Belgium is one of the busiest countries in Europe, but labor is really not better paid than elsewhere. A laboring man gets 30 cents a day, skilled laborers up to a dollar. A woman works at lace-making for 20 cents a day, or a woman will come at 7 o’clock in the morning and work until 8 o’clock in the evening, a Belgian working-day, for 20 cents. The cost of good, decent living is not much if any less than in Kansas, but of course people who earn only 20 or 30 cents a day don’t live well. Their home is with the cow or the dog or with people just as poor, and a beefsteak would probably give them the gout. I have seen similar conditions in the slums of American cities, and once, when the tariff bars were thrown down and our factories put to competition with Belgian and other European factories where labor is paid as I have stated, there was a temporary paralysis of labor attended by suffering and want. But these are the normal conditions in Belgium and in Europe at a time which is considered one of general prosperity. I wonder how it must be with hard times. The “bugaboo” of “competition with pauper labor” is not a political imagination, but would be a sad reality if the American people should vote for a change in the tariff policy. I have learned this lesson from the mouths and faces of the workingmen of Europe.

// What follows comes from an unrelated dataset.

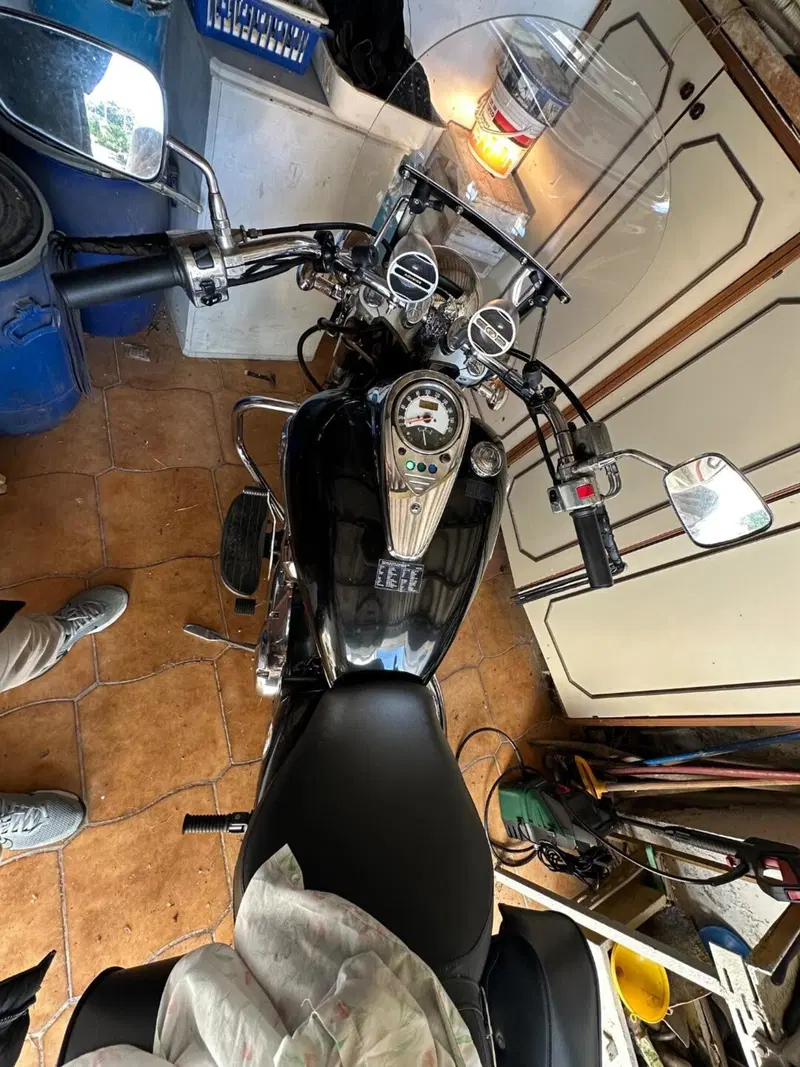 Kawasaki Vulcan VN 900 Classic (2006 - 10) (4)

Of course there are American-made goods that come into Europe. They are all here because the Europeans have nothing near as good. The American typewriter, the sewing-machine, the Wernicke office supplies and the American shoe are always advertised boldly and freely. Other American wares are sold without the American label because of some prejudice, especially in England. In order to show my patriotism I started lifting my hat every time I saw the sign or advertisement of American goods. At first I enjoyed the novelty, but as I learned to look for the marks I soon had my hat off most of the time. I didn’t mind honoring any American article, but it grew wearisome to have my hand bobbing up to my hat whenever I turned around, especially as Carter’s liver pills and Quaker oats have just covered Europe with their posters and their catch-lines. When the American does start to do business in Europe he does it right, and is not afraid to put his name on any place the police will let him. And it is comforting to a pilgrim in a strange land to see in big letters on street cars and fences the names that decorated the old walls and billboards at home.
EUROPEAN ART AND GRUB.
Bruges, Belgium, Aug. 8, 1905.
In this quaint old town we are spending the last day of our stay on the continent of Europe. To-morrow we sail from Ostend to Dover, and the prospect of a return to a land where the English language is spoken is next to getting home.
Of all the cities of the Netherlands, Bruges has best held on to the ancient appearance and ways. The fact may be explained by the figures. During the boom in Belgium a few centuries ago, Bruges had a population of 200,000, while now there are only 54,000. There was no necessity to tear down the old buildings to make room for modern structures or provide wide boulevards and promenades. Consequently the old buildings stand, only modified in appearance by the wear and tear of weather and years. The sole business of the town as near as I could see is lace-making, and as the women do that there is little left for the men, except to drive cabs and hold the offices. We walked down a little narrow street, perhaps twelve feet wide, lined from one end to the other on this pleasant day with women sitting on stools making lace. The advent of a few Americans almost caused a riot in the desire to see and be seen, and the little street seemed to swarm with women and with children. Working over the pillow these women make lace to be sold at 15 or 20 cents for their day’s labor. Girls hardly into their teens and grandmothers up in the 80’s were laboring side by side. One old lady with whom we had a most delightful visit, although neither could understand the other’s language, and from whom Mrs. Morgan bought some of the handiwork, is 86 years old, and yet she cheerfully and ably manipulates the hand-shuttles that make the lace as if she were not half that age. There is a special provision of Providence that nearly always applies. These women of all ages who have to make lace or starve, work in abominable light and yet have excellent eyesight and never wear spectacles or glasses. In America, where the lace is bought and where such work is a delicate, eye-trying task, the women have trouble with their eyesight and must have artificial help to see the lace that the Belgian women make. The wind is tempered to the shorn lamb.